De zekerheid van de redding
We zullen eeuwig bij God leven
1-2 God ziet ons dus als goede mensen omdat we geloven. Wij waren vijanden van God. Maar nu is er vrede tussen God en ons, dankzij onze Heer Jezus Christus. Daarom vertrouwen we erop dat we eeuwig bij God zullen leven. Op dat vertrouwen mogen we trots zijn.
3 En dat is niet het enige. We mogen er ook trots op zijn dat we het nu moeilijk hebben. Want door alle moeilijkheden leren we om vol te houden. 4 En door vol te houden worden we sterk in ons geloof. En daardoor hebben we het vaste vertrouwen dat we eeuwig bij God zullen leven. 5 Dat zal zeker gebeuren, want God heeft ons zijn heilige Geest nu al gegeven.
Het is zeker dat we gered worden
6 Vroeger waren we vijanden van God. Wijzelf konden dat niet veranderen, maar Christus wel: hij is voor ons gestorven. 7 Welk mens is bereid om voor een ander te sterven? Misschien als die ander een goed en eerlijk mens is? Ja, misschien zijn er mensen die willen sterven voor een goed mens. 8 Maar Christus is voor ons gestorven toen we nog leefden als slechte mensen. Dat is het bewijs dat God van ons houdt!

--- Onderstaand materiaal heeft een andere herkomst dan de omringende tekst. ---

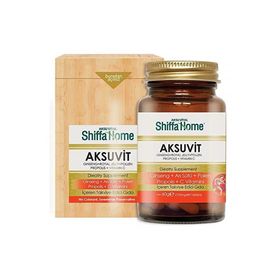 Shiffa Home Aksuvit 60 Tablet
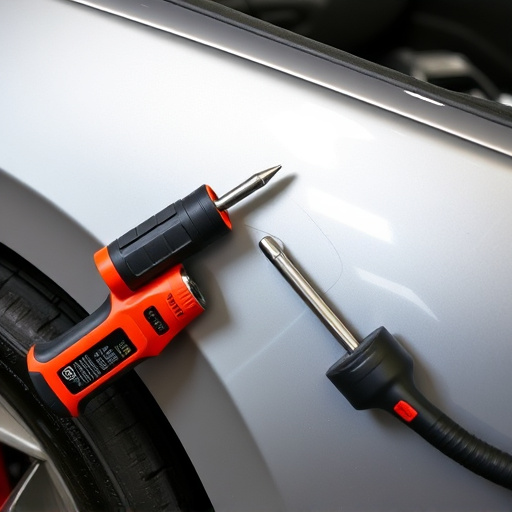 dent removal tools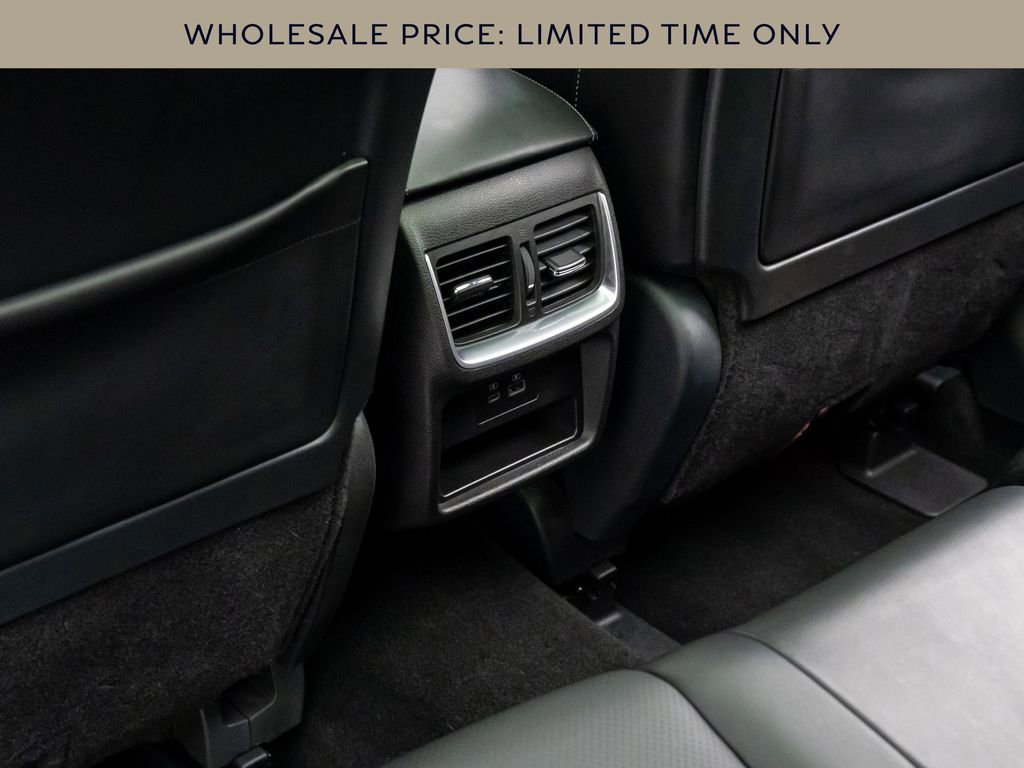 Used 2023 INFINITI QX50 Sport w/ Cargo Package image 19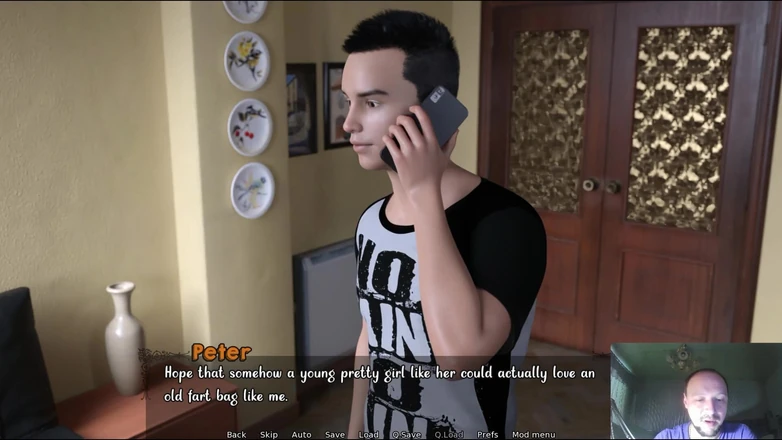 Sex game gamer: New Girl in Our House - Final Spell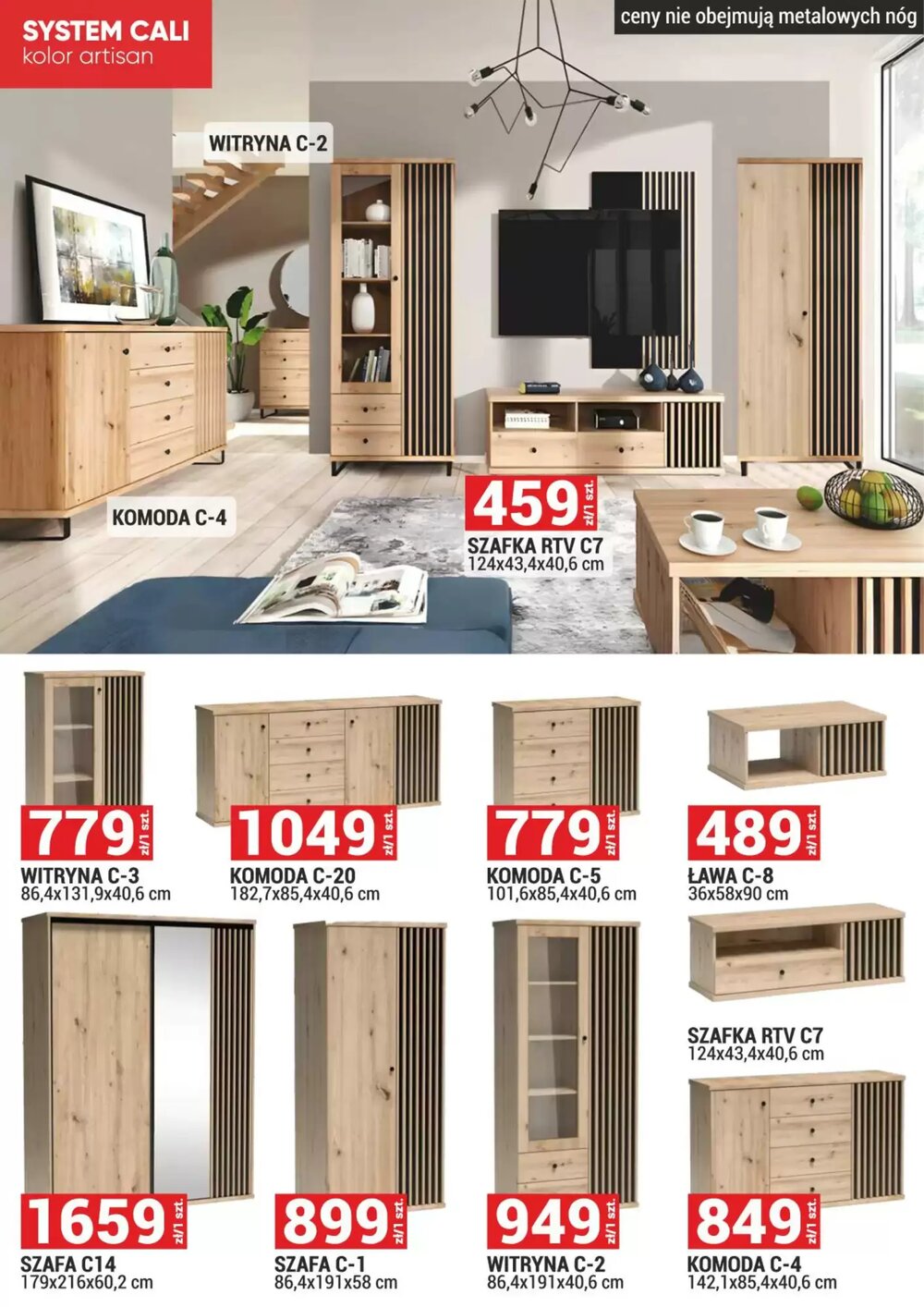 Gazetka promocyjna Merkury Market  ważna od 01.04.2026 - Strona 19.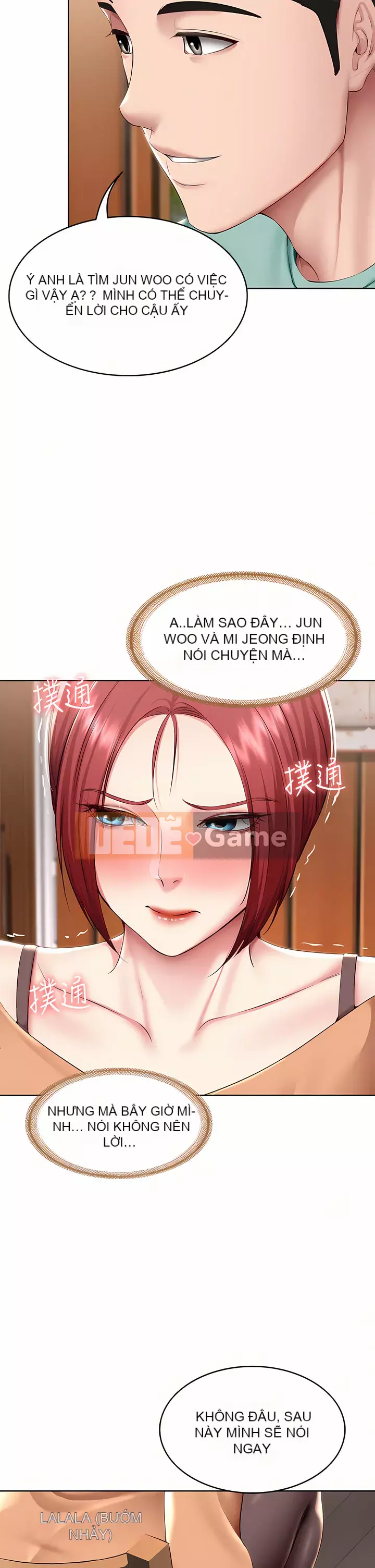 Nhật ký nội trú Chương 122-123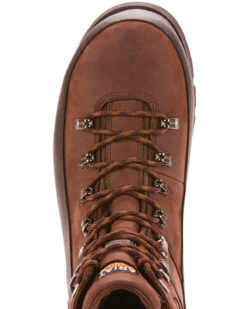 Ariat Men's Linesman Ridge 6" EH Insulated Work Boots - Round Composite Toe -Fashion Clothing Store 2000240447 210 P4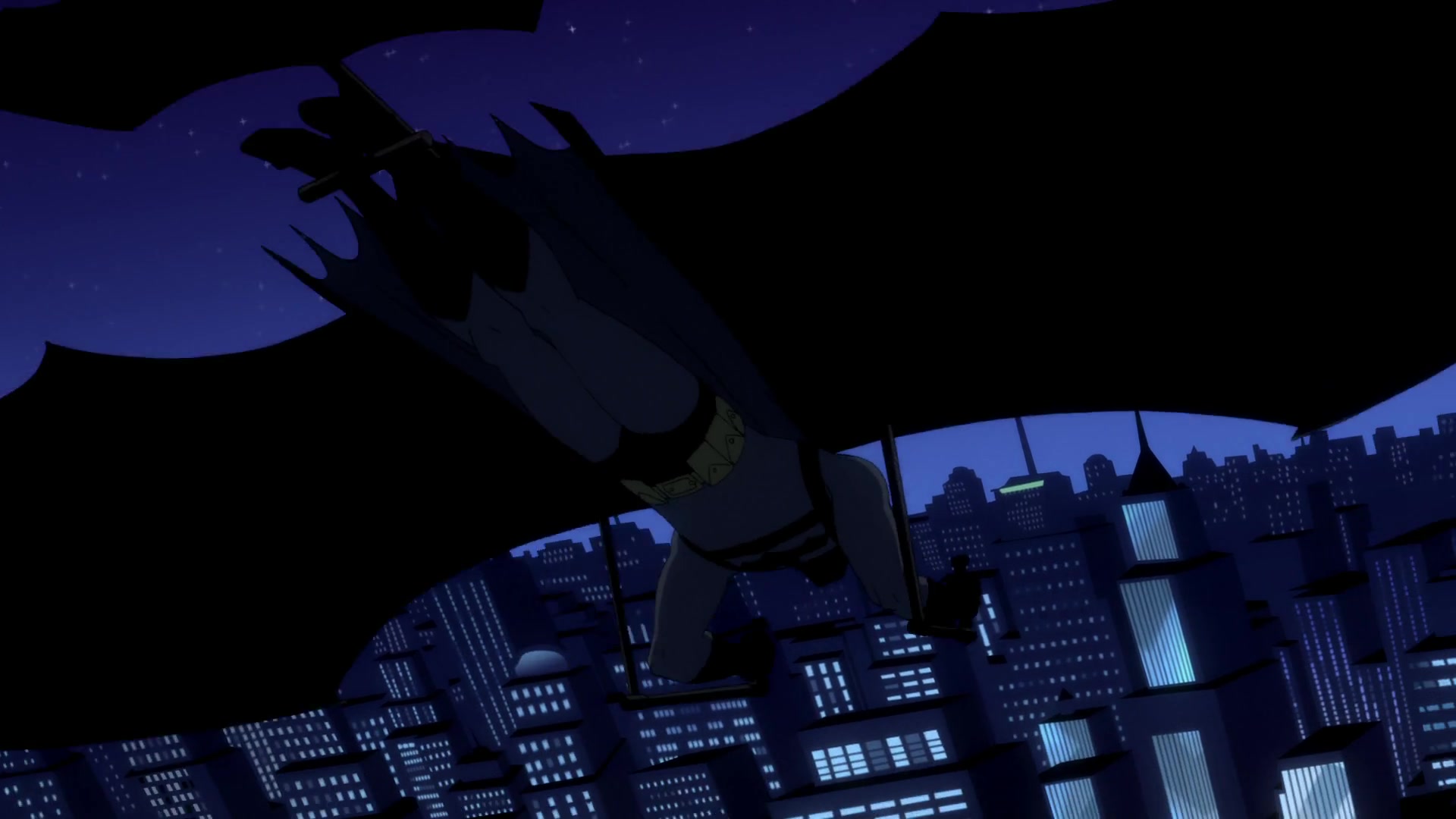 Batman: Year One Screencap | Fancaps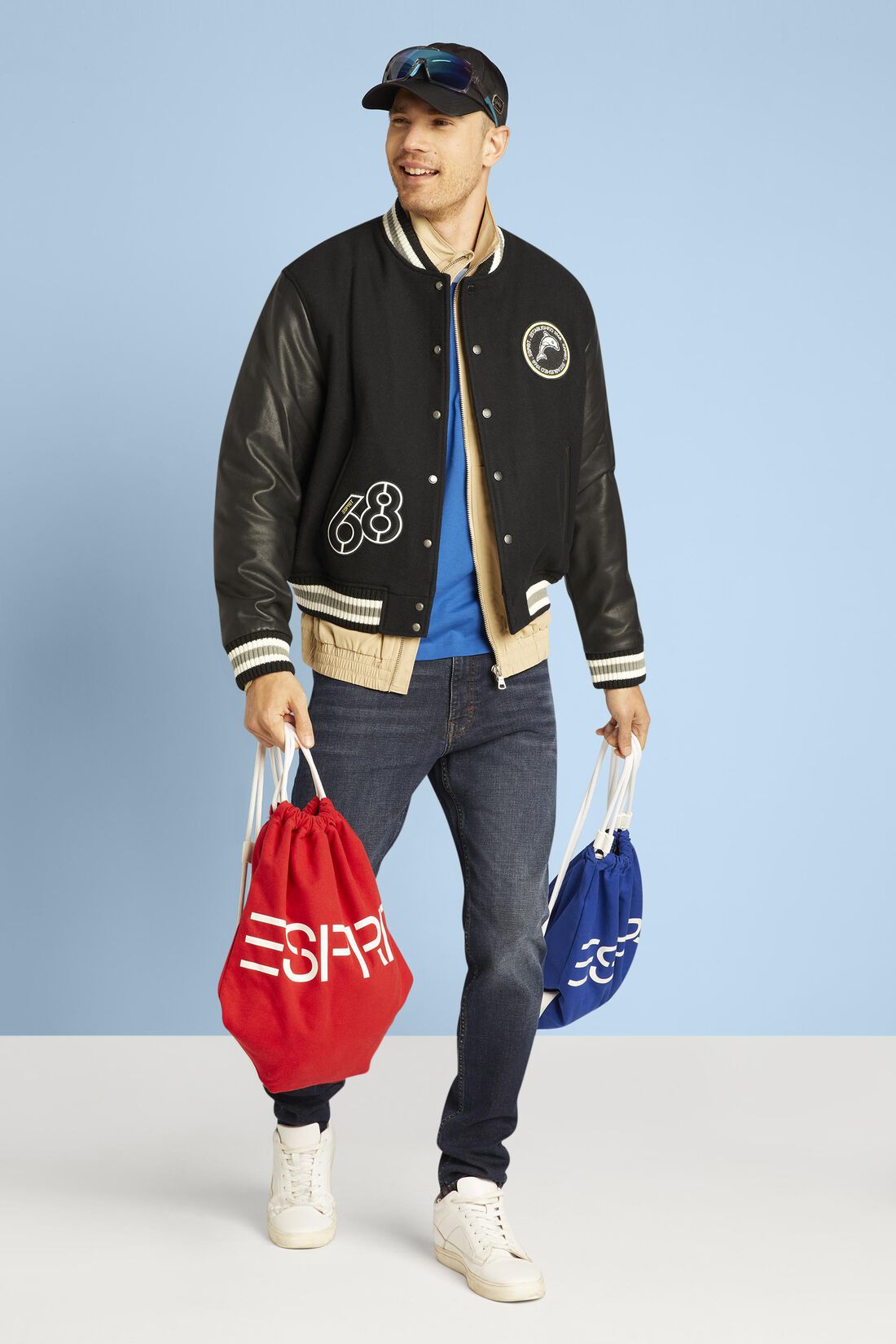 College-Jacke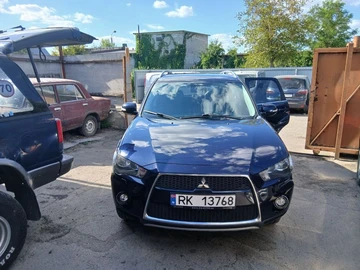 Авто Mitsubishi Outlander 2010 № 8865869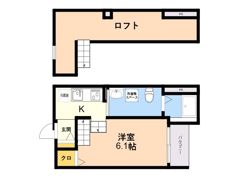 プレミアム・デイズ2の間取り画像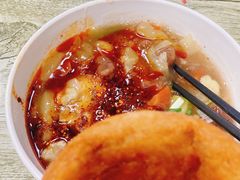 -清真李唯一优质肉丸糊辣汤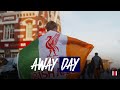 AWAY DAY | Unique footage from our trip to Liverpool.. ✨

9-10 Vroeger waren we dus vijanden van God. Maar nu is het goed tussen God en ons, dankzij de dood van zijn Zoon. Want dankzij de dood van Christus ziet God ons als goede mensen. En dus zullen we ook voor eeuwig gered worden. Daar hoeven we niet aan te twijfelen. Want Christus leeft, en hij zal ons redden op de dag dat God rechtspreekt over de wereld.
11 Laten we God alle eer geven. Want dankzij onze Heer Jezus Christus is het nu goed tussen God en ons.
De dood en het leven
Door Adam kwam de dood in de wereld
12 Door één mens, Adam, kwam de zonde in de wereld. En door de zonde kwam de dood in de wereld. En omdat alle mensen na Adam verkeerde dingen deden, kwam de dood voor iedereen.
13-14 In de tijd tussen Adam en Mozes was de Joodse wet er nog niet. De mensen konden dus nog niet veroordeeld worden door de wet. Adam deed wat God hem had verboden, de mensen na Adam deden verkeerde dingen uit zichzelf. En alle mensen moesten sterven, want de dood had macht over iedereen.
Maar tegenover Adam staat een ander mens: Jezus Christus. 15-16 De zonde van Adam had grote gevolgen: voor alle mensen kwam de dood. De straf voor Adam werd dus de straf voor alle mensen. Maar er is iets gebeurd dat belangrijker is. God heeft ons een groot geschenk gegeven: Jezus Christus. Door die ene mens is God goed voor alle mensen. Dankzij Jezus Christus ziet God ons als goede mensen, ook al hebben we veel fouten gemaakt. Ons leven wordt niet meer bepaald door de zonde van Adam, maar door Gods grote geschenk.
Door Christus krijgen we eeuwig leven
17 Vanwege de zonde van één mens, Adam, kreeg de dood macht over alle mensen. Maar dankzij één mens, Jezus Christus, zullen wij allemaal eeuwig leven, samen met hem. Want dankzij Jezus Christus ziet God ons als goede mensen. Dat is Gods grote geschenk voor ons.
18-19 Door de zonde van één mens strafte God alle mensen. Doordat Adam ongehoorzaam was aan God, kreeg de zonde macht over iedereen. Maar doordat één mens het goede deed, ziet God ons allemaal als goede mensen. Doordat Jezus Christus gehoorzaam was aan God, zal God aan ons allemaal het eeuwige leven geven.
20 Toen de Joodse wet kwam, werd duidelijk welk gedrag verkeerd was. Daardoor kwam er steeds meer zonde. Maar hoeveel zonde er ook kwam, Gods goedheid was altijd groter. 21 Zolang de zonde macht had over de mensen, moesten alle mensen sterven. Maar nu wordt ons leven bepaald door Gods goedheid. Nu ziet God ons als goede mensen en wil hij ons het eeuwige leven geven, dankzij Jezus Christus, onze Heer.